2011 ACFW Conference in St. Louis

For the last month I’ve been preaching to my Motlow English students, “Voice, voice, voice. You’ve got to find your voice. We English teachers are KILLING your writing because we’re taking away your voice. We’re making you all sound the same with your generically proper English.”

Yes, I know my students MUST learn to write proper academic papers, but they are so concerned about not using contractions and not using fragments that they’re losing their voices.

Why is that a problem? Because when they write their scholarship essays, their essays won’t stand out from the others. They will all sound the same.

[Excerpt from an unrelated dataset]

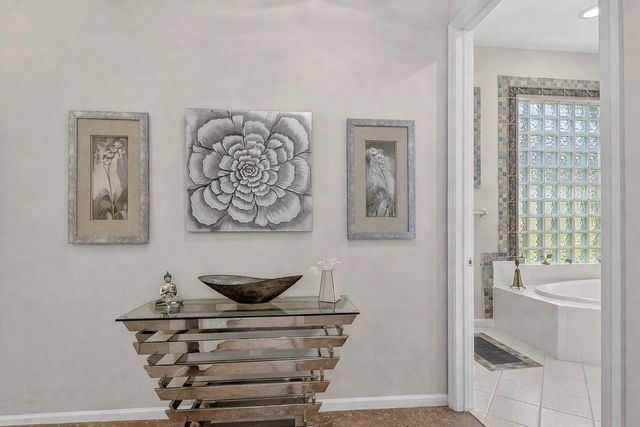 9842 Via Elegante, Wellington, FL 33411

Well, duh. Smack me in the head with a Harry Potter book. Yes, I said Harry Potter. It has to be a BIG book because up until now I have been teaching it and preaching it, but I haven’t been “getting it.”

I attended two back-to-back writer conferences, the SCBWI conference in Nashville and the ACFW in St. Louis. I almost bowed out of both of them. I wasn’t prepared. The Nashville conference offered a contest to the first 25 entries in each genre.

I didn’t want to enter my old manuscript, so like a phoenix, I aimed to rise up from the ashes of my failures to try something new. So I wrote all night from the top of my head about a girl and a guitar. I wrote from my heart. I wrote with abandon and came up with a killer title I blatantly stole from a Matt Urmy song.

But I didn’t make the contest. I was too late with my submission. All that writing for nothing.

At that point I REALLY didn’t want to go to the conference, but I had already paid the fee. I felt defeated—again. I was just tired. Well, I wasn’t just tired—I was tarred. That’s how we say it in the South. That’s how we say
it when we aren’t being good and proper English teachers.

To make matters worse. I had paid for a writing critique. But what was I going to send?  On a whim, I packaged my newly penned WIP with the killer title and sent it off. I expected the worse.

When I arrived to the conference, I dragged myself into the critique session and awaited my sentence. I was doomed.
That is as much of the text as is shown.